The core idea behind these SUPER SKUs was simple in concept: pack more VRAM without redesigning PCBs or widening the memory bus. Instead of the usual 2 GB GDDR7 modules, NVIDIA intended to switch to denser 3 GB chips per module (i.e., more capacity per package). That change alone would lift total frame-buffer sizes across the board.
Which cards were in the run? Reportedly: RTX 5070 Super, RTX 5070 Ti Super, and RTX 5080 Super. Two of those (5070 Ti Super and 5080 Super) would see no GPU core upgrades — only larger VRAM arrays and the inevitable rise in TDP (GDDR7 runs hot and draws more power). The RTX 5070 Super was slated to get a small GPU tweak as well: +2 compute units, plus the bumped-up memory.

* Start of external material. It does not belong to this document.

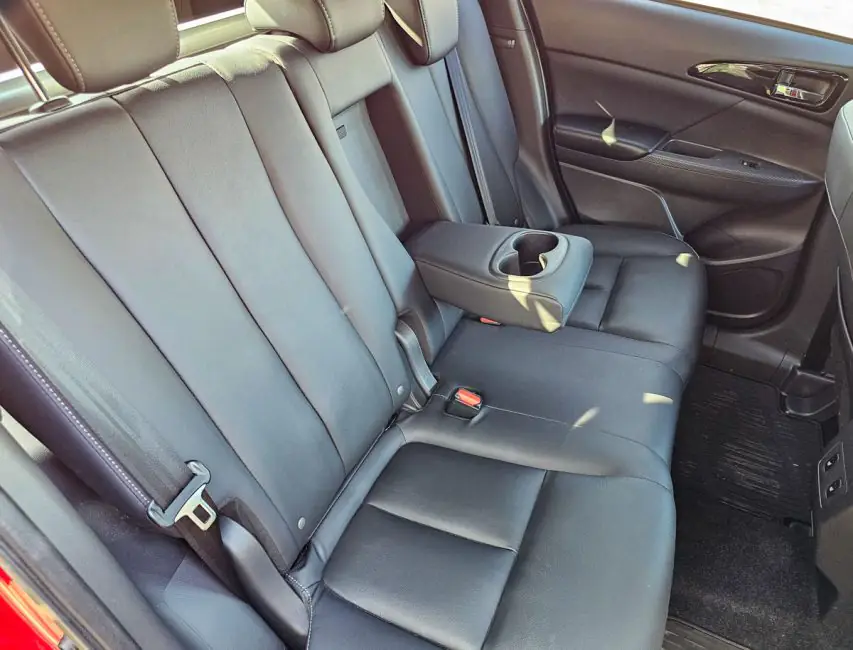 Mitsubishi Eclipse Cross - rear seats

Here comes the ugly math: simply swapping to the 3 GB GDDR7 parts reportedly tacks on about $300–$400 in BOM cost for each card (manufacturers’ side). Translate that to retail and these SKUs could quickly become hard to justify price-wise — consumers might balk, understandably.
So: working silicon at partners’ doors, but a business decision — cost vs. price acceptance — has paused the rollout. Whether NVIDIA waits for memory prices to cool or rethinks the SKU mix remains to be seen.